(Input data begins)
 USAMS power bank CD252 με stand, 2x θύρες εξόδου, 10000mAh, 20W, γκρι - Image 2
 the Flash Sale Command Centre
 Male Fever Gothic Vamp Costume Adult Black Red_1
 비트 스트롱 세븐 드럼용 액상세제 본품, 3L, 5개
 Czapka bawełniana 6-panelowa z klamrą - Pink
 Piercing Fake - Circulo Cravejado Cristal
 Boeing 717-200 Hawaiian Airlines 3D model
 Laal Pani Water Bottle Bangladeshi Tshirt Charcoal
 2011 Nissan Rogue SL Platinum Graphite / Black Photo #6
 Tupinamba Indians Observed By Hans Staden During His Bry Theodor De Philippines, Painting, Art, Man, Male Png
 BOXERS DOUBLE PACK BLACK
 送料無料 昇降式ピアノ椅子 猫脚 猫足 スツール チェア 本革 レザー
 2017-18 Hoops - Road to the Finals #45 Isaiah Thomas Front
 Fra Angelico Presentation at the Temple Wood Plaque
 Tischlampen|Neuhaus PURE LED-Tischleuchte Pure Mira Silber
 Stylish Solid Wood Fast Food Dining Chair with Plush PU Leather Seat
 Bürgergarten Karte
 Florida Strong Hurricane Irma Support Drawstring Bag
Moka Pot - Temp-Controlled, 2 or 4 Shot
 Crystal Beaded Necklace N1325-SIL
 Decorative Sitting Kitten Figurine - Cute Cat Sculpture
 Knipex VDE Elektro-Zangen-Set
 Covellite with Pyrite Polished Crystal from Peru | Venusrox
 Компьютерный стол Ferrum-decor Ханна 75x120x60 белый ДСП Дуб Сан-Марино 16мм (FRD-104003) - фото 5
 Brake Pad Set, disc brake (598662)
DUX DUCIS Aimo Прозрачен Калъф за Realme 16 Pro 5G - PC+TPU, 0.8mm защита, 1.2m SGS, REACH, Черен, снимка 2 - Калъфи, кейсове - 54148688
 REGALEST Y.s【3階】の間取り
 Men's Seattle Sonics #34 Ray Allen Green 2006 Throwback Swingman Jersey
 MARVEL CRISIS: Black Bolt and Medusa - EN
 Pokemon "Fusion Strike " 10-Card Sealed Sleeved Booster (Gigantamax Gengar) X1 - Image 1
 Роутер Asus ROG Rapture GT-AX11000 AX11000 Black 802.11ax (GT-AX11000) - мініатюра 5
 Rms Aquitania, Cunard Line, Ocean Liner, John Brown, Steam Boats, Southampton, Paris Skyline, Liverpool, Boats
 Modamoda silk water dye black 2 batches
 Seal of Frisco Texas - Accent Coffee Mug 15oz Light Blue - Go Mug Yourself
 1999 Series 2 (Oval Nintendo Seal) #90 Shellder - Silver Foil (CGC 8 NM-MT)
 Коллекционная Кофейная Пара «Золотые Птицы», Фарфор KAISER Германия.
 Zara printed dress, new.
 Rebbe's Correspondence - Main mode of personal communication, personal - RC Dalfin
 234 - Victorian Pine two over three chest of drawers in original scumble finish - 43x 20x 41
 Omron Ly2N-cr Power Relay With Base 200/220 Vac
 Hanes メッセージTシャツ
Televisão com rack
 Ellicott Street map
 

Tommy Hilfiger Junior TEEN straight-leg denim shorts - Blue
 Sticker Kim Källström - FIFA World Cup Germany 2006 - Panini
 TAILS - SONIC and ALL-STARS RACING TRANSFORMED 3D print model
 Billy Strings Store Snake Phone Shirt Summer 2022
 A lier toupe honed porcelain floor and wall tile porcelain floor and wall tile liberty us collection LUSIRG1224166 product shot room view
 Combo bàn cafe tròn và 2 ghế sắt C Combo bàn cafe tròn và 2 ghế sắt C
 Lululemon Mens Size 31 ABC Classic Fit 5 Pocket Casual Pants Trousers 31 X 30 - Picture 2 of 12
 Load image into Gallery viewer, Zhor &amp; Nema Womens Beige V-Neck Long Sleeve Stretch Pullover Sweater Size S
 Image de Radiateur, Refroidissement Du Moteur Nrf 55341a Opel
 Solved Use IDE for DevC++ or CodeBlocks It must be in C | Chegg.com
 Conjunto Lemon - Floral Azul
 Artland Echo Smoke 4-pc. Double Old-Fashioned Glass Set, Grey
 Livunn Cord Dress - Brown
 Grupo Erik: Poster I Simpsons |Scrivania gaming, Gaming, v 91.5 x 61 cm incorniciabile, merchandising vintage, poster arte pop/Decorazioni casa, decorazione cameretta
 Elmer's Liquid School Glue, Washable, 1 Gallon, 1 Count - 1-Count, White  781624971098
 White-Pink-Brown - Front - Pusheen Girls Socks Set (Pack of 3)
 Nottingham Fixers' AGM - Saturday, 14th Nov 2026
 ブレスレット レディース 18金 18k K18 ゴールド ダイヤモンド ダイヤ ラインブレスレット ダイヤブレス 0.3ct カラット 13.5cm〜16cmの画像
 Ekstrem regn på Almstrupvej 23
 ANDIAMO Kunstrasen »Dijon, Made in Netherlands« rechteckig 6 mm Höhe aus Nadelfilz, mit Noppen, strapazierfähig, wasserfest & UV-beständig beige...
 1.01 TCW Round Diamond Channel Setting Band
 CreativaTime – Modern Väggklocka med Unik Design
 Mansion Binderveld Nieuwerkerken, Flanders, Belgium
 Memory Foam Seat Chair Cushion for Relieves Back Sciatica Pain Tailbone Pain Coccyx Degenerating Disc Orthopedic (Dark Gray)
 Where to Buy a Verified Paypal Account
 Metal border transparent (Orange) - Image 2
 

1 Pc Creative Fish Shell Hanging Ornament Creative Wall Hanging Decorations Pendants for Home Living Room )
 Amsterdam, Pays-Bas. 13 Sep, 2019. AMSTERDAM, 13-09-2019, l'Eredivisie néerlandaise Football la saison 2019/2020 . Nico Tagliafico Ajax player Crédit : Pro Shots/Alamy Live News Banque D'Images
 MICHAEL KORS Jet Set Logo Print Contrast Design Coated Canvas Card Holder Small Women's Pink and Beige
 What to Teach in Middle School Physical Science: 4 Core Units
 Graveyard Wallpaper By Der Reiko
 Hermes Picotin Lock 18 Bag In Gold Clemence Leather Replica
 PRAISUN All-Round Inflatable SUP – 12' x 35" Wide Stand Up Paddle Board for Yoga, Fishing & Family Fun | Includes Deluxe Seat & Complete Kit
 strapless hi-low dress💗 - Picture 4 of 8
(Input data ends)
■ Exercise:
Retype the entries precisely as they stand.

■ Worked solution:
 USAMS power bank CD252 με stand, 2x θύρες εξόδου, 10000mAh, 20W, γκρι - Image 2
 the Flash Sale Command Centre
 Male Fever Gothic Vamp Costume Adult Black Red_1
 비트 스트롱 세븐 드럼용 액상세제 본품, 3L, 5개
 Czapka bawełniana 6-panelowa z klamrą - Pink
 Piercing Fake - Circulo Cravejado Cristal
 Boeing 717-200 Hawaiian Airlines 3D model
 Laal Pani Water Bottle Bangladeshi Tshirt Charcoal
 2011 Nissan Rogue SL Platinum Graphite / Black Photo #6
 Tupinamba Indians Observed By Hans Staden During His Bry Theodor De Philippines, Painting, Art, Man, Male Png
 BOXERS DOUBLE PACK BLACK
 送料無料 昇降式ピアノ椅子 猫脚 猫足 スツール チェア 本革 レザー
 2017-18 Hoops - Road to the Finals #45 Isaiah Thomas Front
 Fra Angelico Presentation at the Temple Wood Plaque
 Tischlampen|Neuhaus PURE LED-Tischleuchte Pure Mira Silber
 Stylish Solid Wood Fast Food Dining Chair with Plush PU Leather Seat
 Bürgergarten Karte
 Florida Strong Hurricane Irma Support Drawstring Bag
Moka Pot - Temp-Controlled, 2 or 4 Shot
 Crystal Beaded Necklace N1325-SIL
 Decorative Sitting Kitten Figurine - Cute Cat Sculpture
 Knipex VDE Elektro-Zangen-Set
 Covellite with Pyrite Polished Crystal from Peru | Venusrox
 Компьютерный стол Ferrum-decor Ханна 75x120x60 белый ДСП Дуб Сан-Марино 16мм (FRD-104003) - фото 5
 Brake Pad Set, disc brake (598662)
DUX DUCIS Aimo Прозрачен Калъф за Realme 16 Pro 5G - PC+TPU, 0.8mm защита, 1.2m SGS, REACH, Черен, снимка 2 - Калъфи, кейсове - 54148688
 REGALEST Y.s【3階】の間取り
 Men's Seattle Sonics #34 Ray Allen Green 2006 Throwback Swingman Jersey
 MARVEL CRISIS: Black Bolt and Medusa - EN
 Pokemon "Fusion Strike " 10-Card Sealed Sleeved Booster (Gigantamax Gengar) X1 - Image 1
 Роутер Asus ROG Rapture GT-AX11000 AX11000 Black 802.11ax (GT-AX11000) - мініатюра 5
 Rms Aquitania, Cunard Line, Ocean Liner, John Brown, Steam Boats, Southampton, Paris Skyline, Liverpool, Boats
 Modamoda silk water dye black 2 batches
 Seal of Frisco Texas - Accent Coffee Mug 15oz Light Blue - Go Mug Yourself
 1999 Series 2 (Oval Nintendo Seal) #90 Shellder - Silver Foil (CGC 8 NM-MT)
 Коллекционная Кофейная Пара «Золотые Птицы», Фарфор KAISER Германия.
 Zara printed dress, new.
 Rebbe's Correspondence - Main mode of personal communication, personal - RC Dalfin
 234 - Victorian Pine two over three chest of drawers in original scumble finish - 43x 20x 41
 Omron Ly2N-cr Power Relay With Base 200/220 Vac
 Hanes メッセージTシャツ
Televisão com rack
 Ellicott Street map
 

Tommy Hilfiger Junior TEEN straight-leg denim shorts - Blue
 Sticker Kim Källström - FIFA World Cup Germany 2006 - Panini
 TAILS - SONIC and ALL-STARS RACING TRANSFORMED 3D print model
 Billy Strings Store Snake Phone Shirt Summer 2022
 A lier toupe honed porcelain floor and wall tile porcelain floor and wall tile liberty us collection LUSIRG1224166 product shot room view
 Combo bàn cafe tròn và 2 ghế sắt C Combo bàn cafe tròn và 2 ghế sắt C
 Lululemon Mens Size 31 ABC Classic Fit 5 Pocket Casual Pants Trousers 31 X 30 - Picture 2 of 12
 Load image into Gallery viewer, Zhor &amp; Nema Womens Beige V-Neck Long Sleeve Stretch Pullover Sweater Size S
 Image de Radiateur, Refroidissement Du Moteur Nrf 55341a Opel
 Solved Use IDE for DevC++ or CodeBlocks It must be in C | Chegg.com
 Conjunto Lemon - Floral Azul
 Artland Echo Smoke 4-pc. Double Old-Fashioned Glass Set, Grey
 Livunn Cord Dress - Brown
 Grupo Erik: Poster I Simpsons |Scrivania gaming, Gaming, v 91.5 x 61 cm incorniciabile, merchandising vintage, poster arte pop/Decorazioni casa, decorazione cameretta
 Elmer's Liquid School Glue, Washable, 1 Gallon, 1 Count - 1-Count, White  781624971098
 White-Pink-Brown - Front - Pusheen Girls Socks Set (Pack of 3)
 Nottingham Fixers' AGM - Saturday, 14th Nov 2026
 ブレスレット レディース 18金 18k K18 ゴールド ダイヤモンド ダイヤ ラインブレスレット ダイヤブレス 0.3ct カラット 13.5cm〜16cmの画像
 Ekstrem regn på Almstrupvej 23
 ANDIAMO Kunstrasen »Dijon, Made in Netherlands« rechteckig 6 mm Höhe aus Nadelfilz, mit Noppen, strapazierfähig, wasserfest & UV-beständig beige...
 1.01 TCW Round Diamond Channel Setting Band
 CreativaTime – Modern Väggklocka med Unik Design
 Mansion Binderveld Nieuwerkerken, Flanders, Belgium
 Memory Foam Seat Chair Cushion for Relieves Back Sciatica Pain Tailbone Pain Coccyx Degenerating Disc Orthopedic (Dark Gray)
 Where to Buy a Verified Paypal Account
 Metal border transparent (Orange) - Image 2
 

1 Pc Creative Fish Shell Hanging Ornament Creative Wall Hanging Decorations Pendants for Home Living Room )
 Amsterdam, Pays-Bas. 13 Sep, 2019. AMSTERDAM, 13-09-2019, l'Eredivisie néerlandaise Football la saison 2019/2020 . Nico Tagliafico Ajax player Crédit : Pro Shots/Alamy Live News Banque D'Images
 MICHAEL KORS Jet Set Logo Print Contrast Design Coated Canvas Card Holder Small Women's Pink and Beige
 What to Teach in Middle School Physical Science: 4 Core Units
 Graveyard Wallpaper By Der Reiko
 Hermes Picotin Lock 18 Bag In Gold Clemence Leather Replica
 PRAISUN All-Round Inflatable SUP – 12' x 35" Wide Stand Up Paddle Board for Yoga, Fishing & Family Fun | Includes Deluxe Seat & Complete Kit
 strapless hi-low dress💗 - Picture 4 of 8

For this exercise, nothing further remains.